Когда входили в прохладный сумрак собора, где сверкали огоньками тысячи тоненьких свечей было такое чувство, точно закончено какое-то важное, великое дело, точно какой-то Божий подвиг был свершен, и оттого в сердце сходило радостное успокоение.

Ночью в открытое окно гостиницы со степи доходил сладкий запах зерна и соломы, а под самым окном дремал тихий город. И в этом городе жил тихий покой. Так было…

То, что он видел теперь, было новое и странное. Теперь перед ним была опять толпа, и чем ближе подавались они через толпу к вершине холма, тем теснее становилась она, тем были громче крики, шумы, всплески, возгласы веселья. Хлопали хлопушки, визжали жен-шины, и взрывами гудел грубый хохот.

У Александровской улицы Ершов приказал остановиться.

– Пройдемте, товарищи, пешком по саду. Полюбуемся на наш пролетарский праздник.

За низкой разрушенной оградой, на фоне множества огней черными казались деревья и громадные кусты сирени с безжалостно обломанными ветвями. Весь широкий бульвар Александровского сада был Полон пестрой массой людей. Красноармейцы в шапках буденовках на затылке, с большими красными звездами над лбом, кто в старых рубахах Императорской армии, кто в новых кителях с косыми красными нашивками, кто в английских френчах, большинство вооруженные, таская за собою ржавые ружья, шатались в толпе. С ними ходили девки с коротко стриженными волосами, с подбритыми затылками и с какими-то собачьими ушами грязных завитых волос у висков.
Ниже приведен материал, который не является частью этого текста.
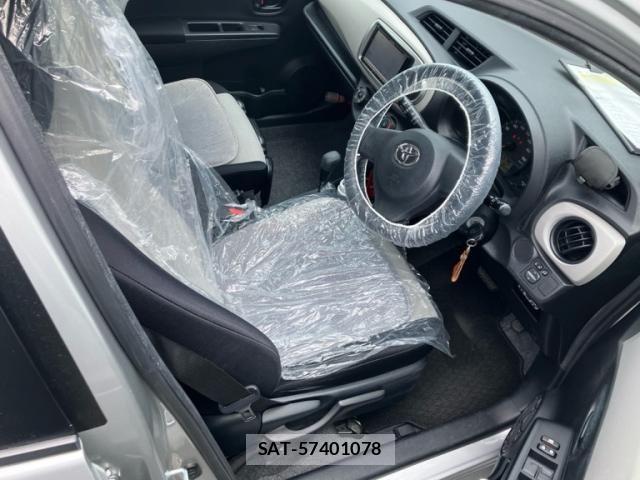 Toyota VITZ 2011-05 7061233-14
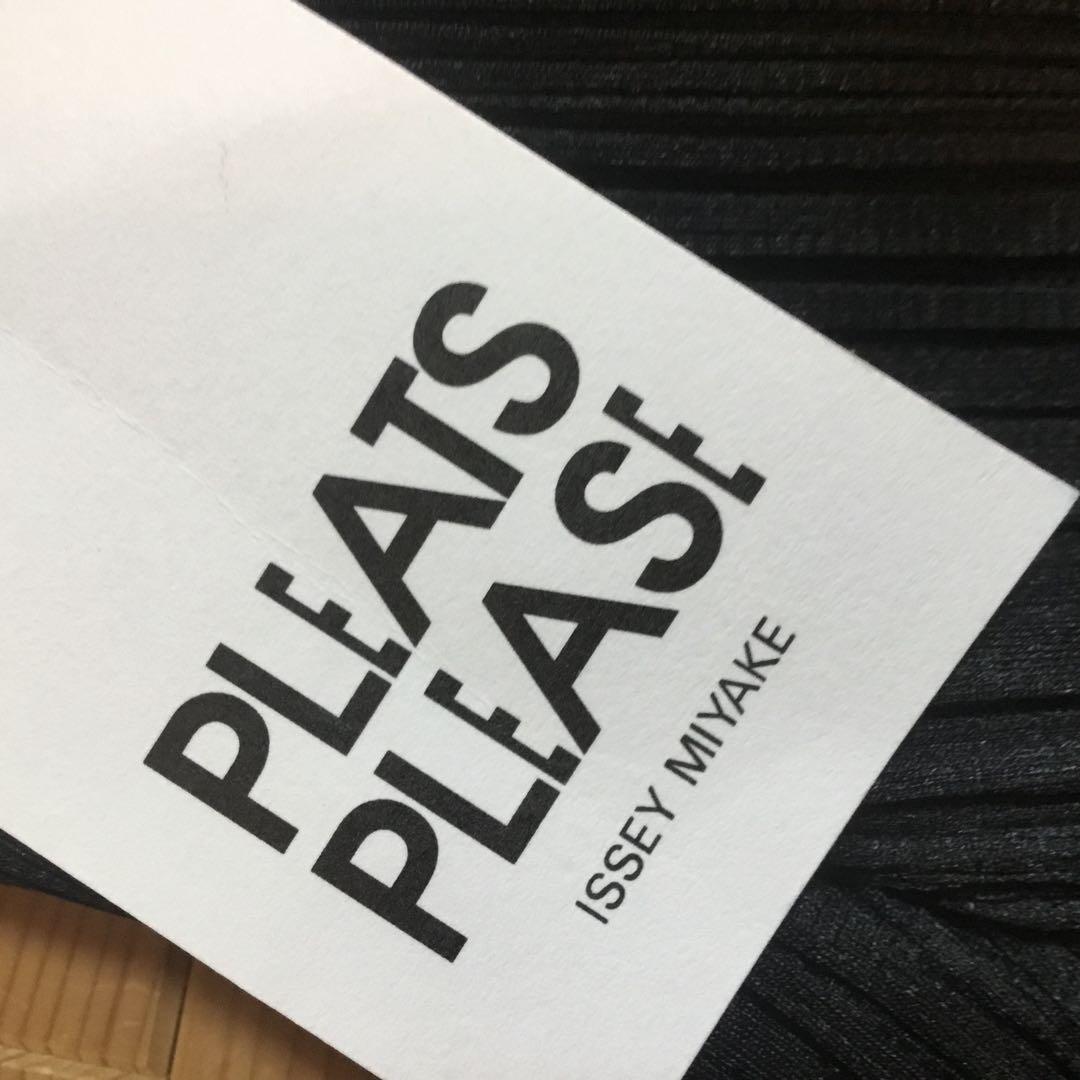 PLATS PLEASE ブラック長袖トップス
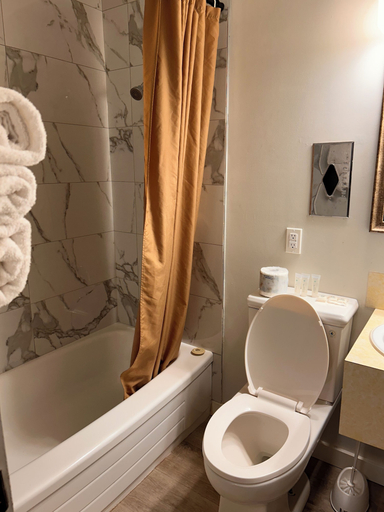 Bathroom 4, Lakecity Inn, Okanagan-Similkameen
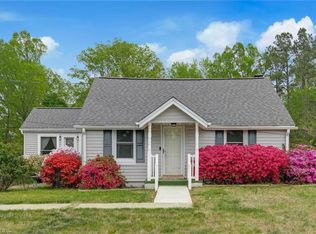 911 Wolf Island Rd, Reidsville, NC 27320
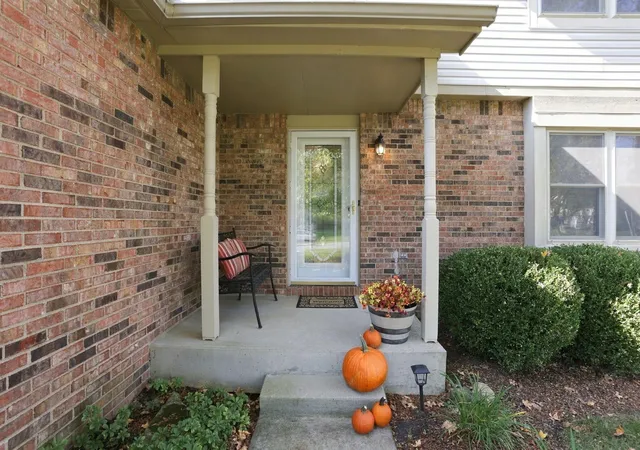 Photo 3 of Single family home for sale at 209 Cherrystone Dr N, Columbus, OH 43230 | MLS# 226041090 | Listing updated on 2026-10-30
Они были в коротких до колен юбках, с голыми ногами в разнообразных башмаках. Красноармейцы обнимали их, хватали за груди, с засосом целовали в губы и со вкусом ржали. Между ними ходили штатские в пиджаках, в рубашках без воротников и галстуков, в самых различных шапках и с челками на лбу… Кое-где были видны червонные казаки в широких красных штанах, в рубахах и в папахах с большою красною звездою. На всех были банты красного цвета. У одних из шелковых лент, у других из кумача. Красные офицеры – «краскомы» в уродливых, пузырями галифе, с сапогами гармоникой, иные во френчах, стянутых в рюмочку, иные в шведских куртках, при саблях, револьверах или шашках, ходили, обнимая за плечи красноармейцев. Пьяных от вина почти не было, но вся толпа была точно пьяная. Никто ничем не стеснялся. Чем грубей и циничней был поступок, чем смелее жест женщины, чем резче слова, – тем больше возбуждало это веселье. Казалось, все преграды условной человеческой стыдливости исчезли в этой толпе, и все то, что веками оберегали люди и чего стыдились, стало теперь предметом всенародной похвальбы.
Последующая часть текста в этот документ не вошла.